• Description of the task:
If a record holds a picture, skip the picture but print everything else exactly.

*** Opening Input material ***

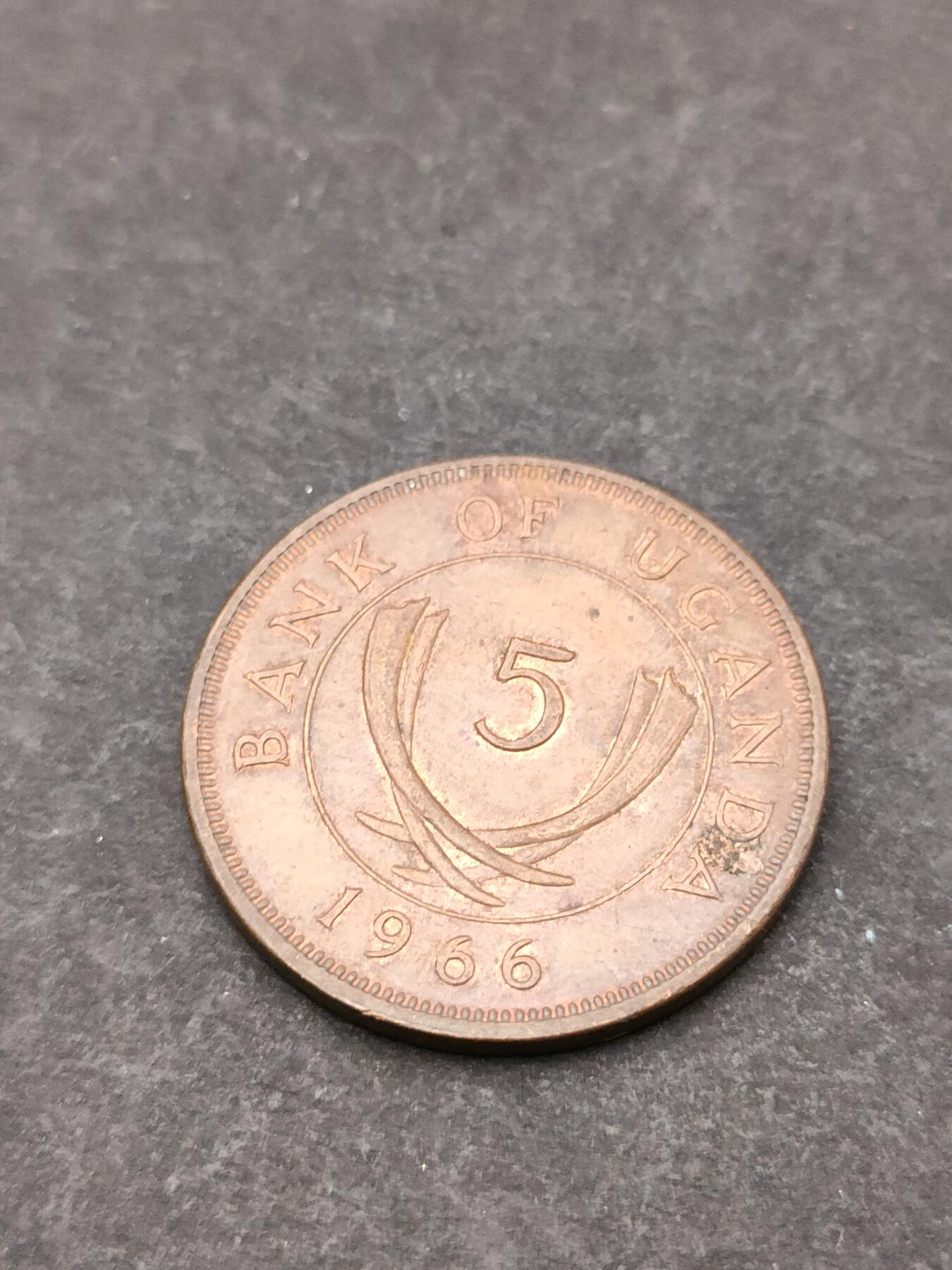 猩哥外币小铺➨【第205场】 非洲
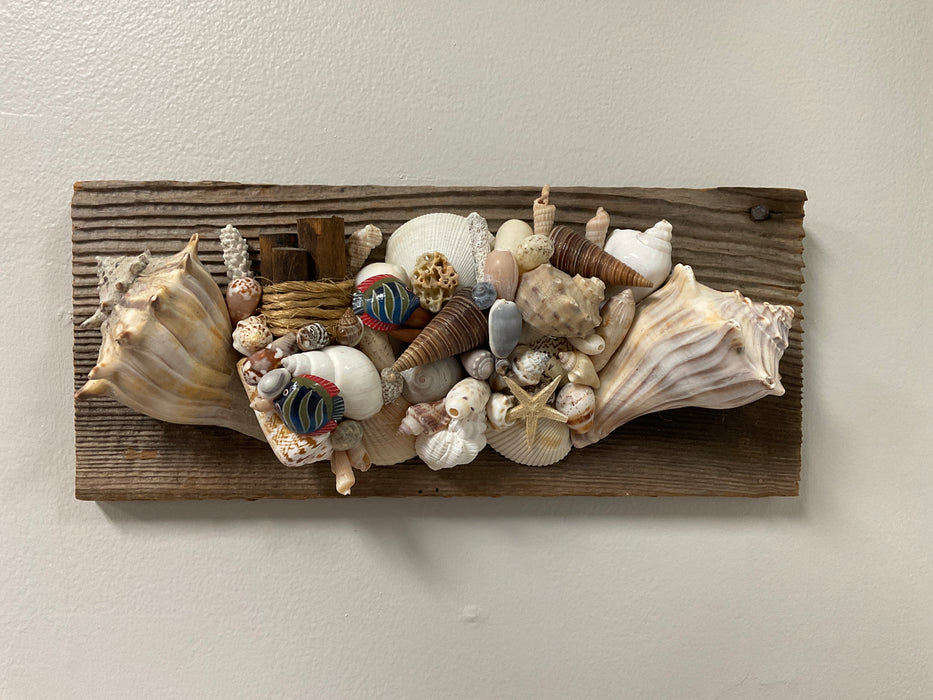 Driftwood shell art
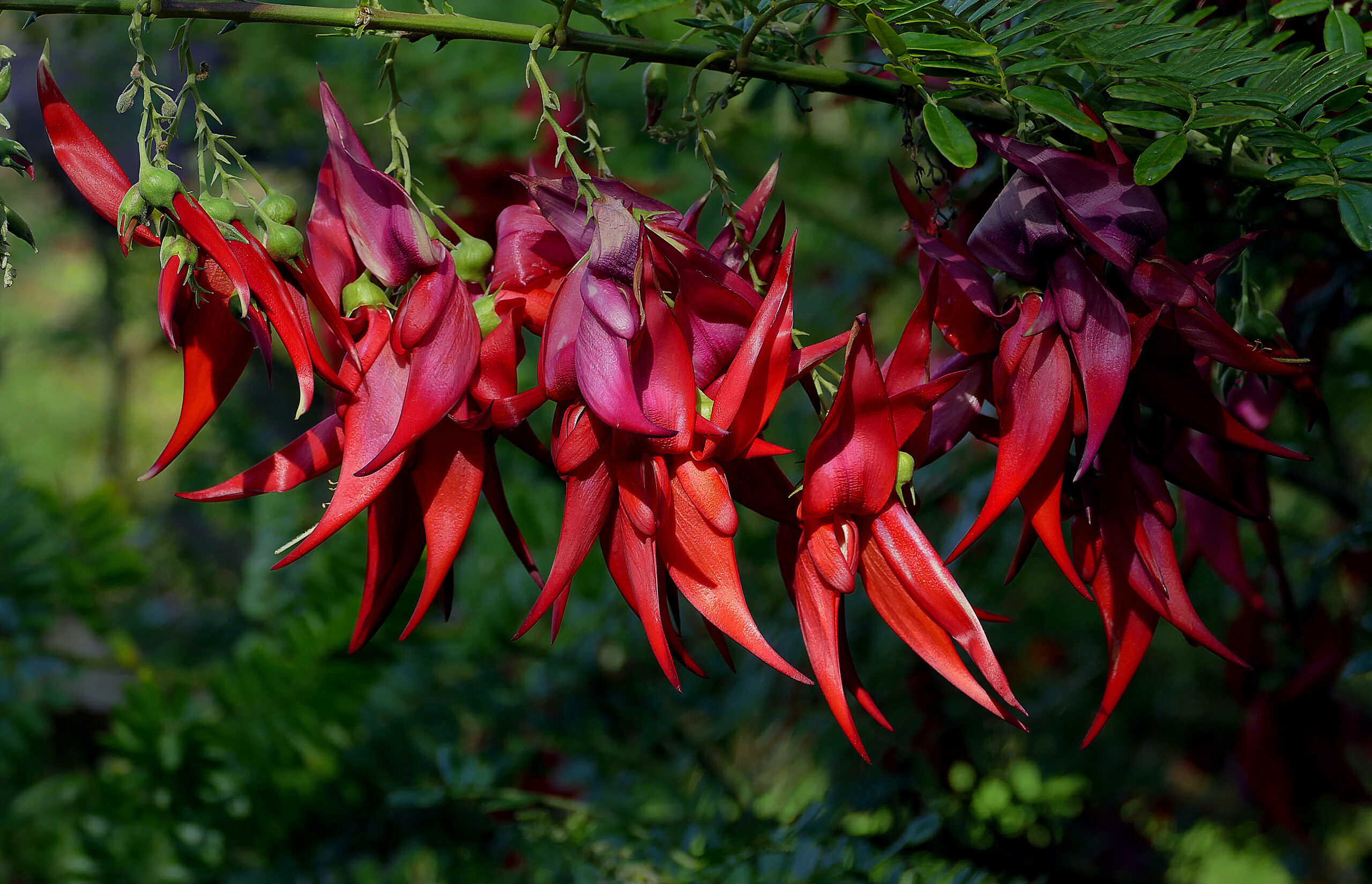 Auckland Island Kākā Beak (Clianthus puniceus)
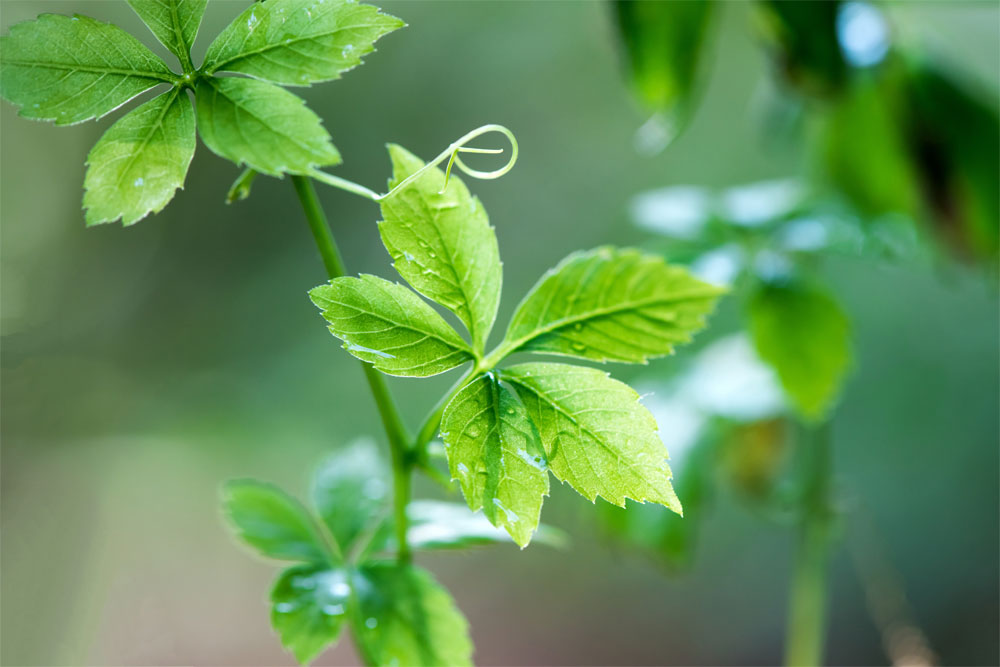 Botanicals Plant
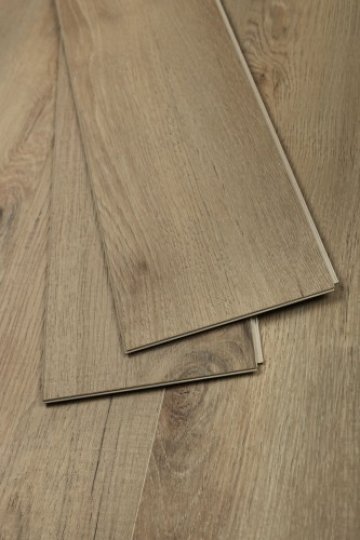 Дуб Кельвин/Oak Calvin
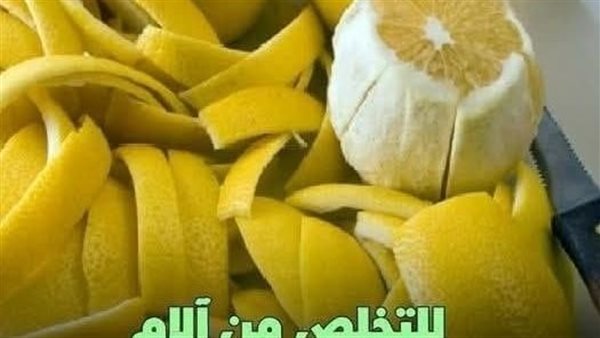 لمحة نيوز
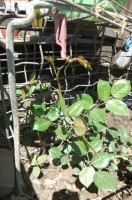 Эльф посажен весной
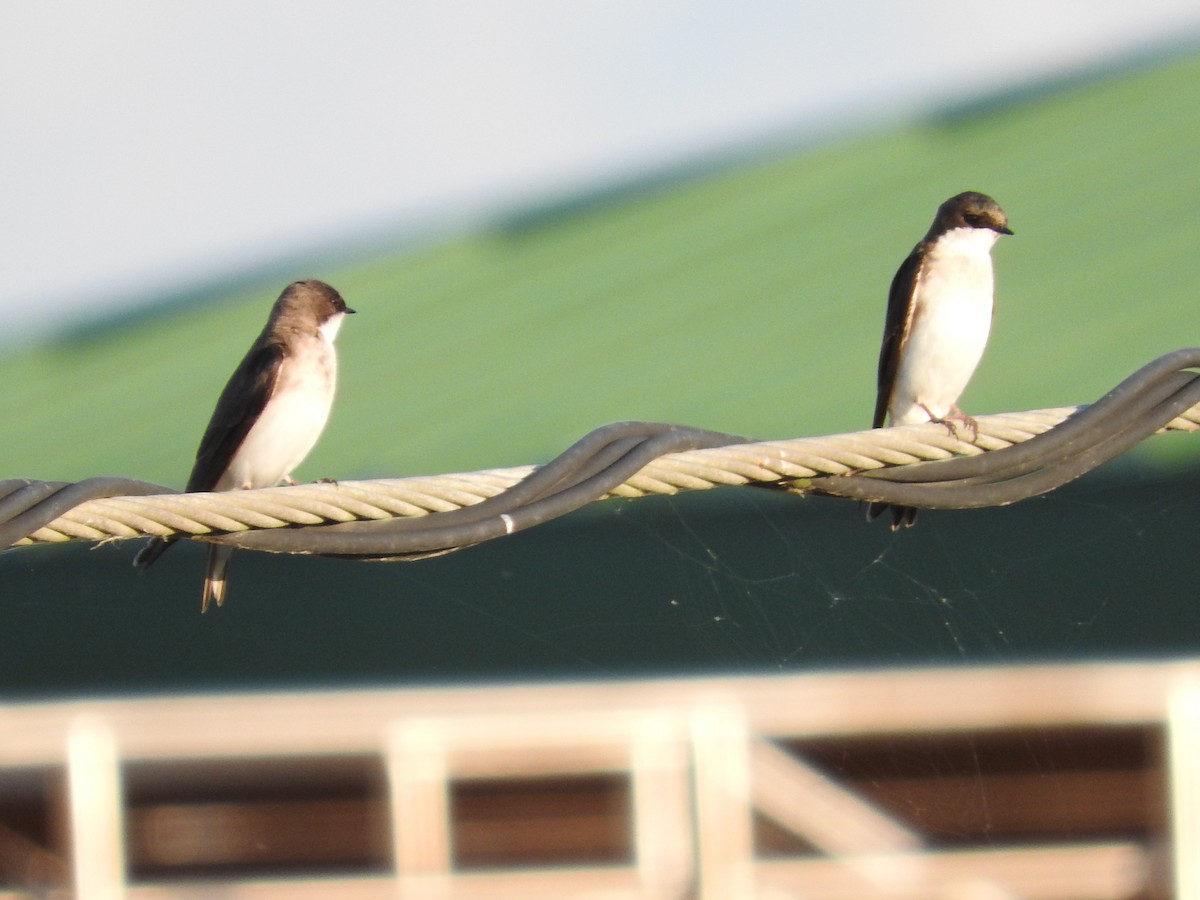 Bank Swallow - ML154659801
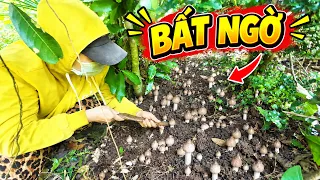 BẤT NGỜ! Phát Hiện Ổ Nấm Mối Mọc Dưới Những Bụi Cây Trong Rừng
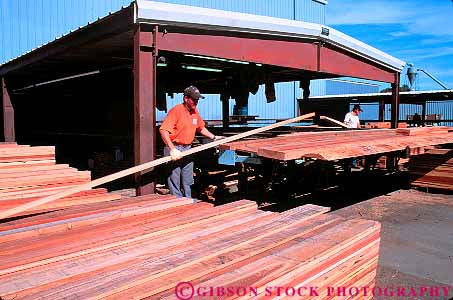 Stock Photo #14579: keywords - board boards california career company horz job jobs labor laborer laboring lumber man men metal mill organize organizes outdoor outside people person redwood roof shed sort sorting sorts stack stacks willits work worker workers working works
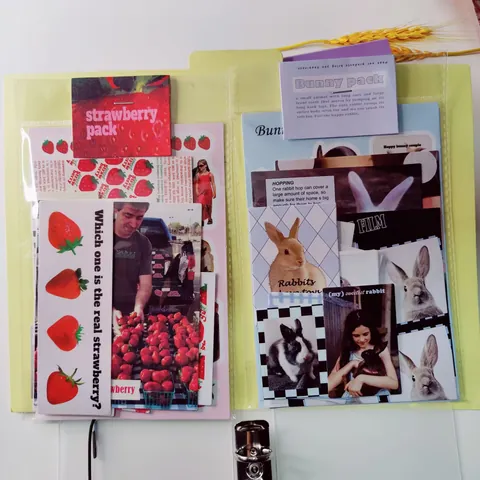 Kreatives DIY Aufkleber Pack Erdbeere Hase Muster Ästhetisches Scrapbooking Material Für Journal Tagebuch Foto Dekoration
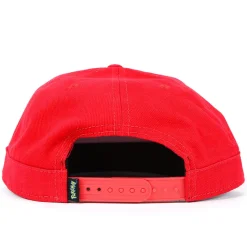 Pokémon Ash Snapback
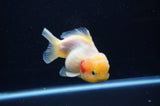 Yuan Bao Oranda  Calico 3.5 Inch (ID#311Yb10b-52) Free2Day SHIPPING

*** Closing Input material ***

• Completed task:
 猩哥外币小铺➨【第205场】 非洲
 Driftwood shell art
 Auckland Island Kākā Beak (Clianthus puniceus)
 Botanicals Plant
 Дуб Кельвин/Oak Calvin
 لمحة نيوز
 Эльф посажен весной
 Bank Swallow - ML154659801
 BẤT NGỜ! Phát Hiện Ổ Nấm Mối Mọc Dưới Những Bụi Cây Trong Rừng
 Stock Photo #14579: keywords - board boards california career company horz job jobs labor laborer laboring lumber man men metal mill organize organizes outdoor outside people person redwood roof shed sort sorting sorts stack stacks willits work worker workers working works
 Kreatives DIY Aufkleber Pack Erdbeere Hase Muster Ästhetisches Scrapbooking Material Für Journal Tagebuch Foto Dekoration
 Pokémon Ash Snapback
 Yuan Bao Oranda  Calico 3.5 Inch (ID#311Yb10b-52) Free2Day SHIPPING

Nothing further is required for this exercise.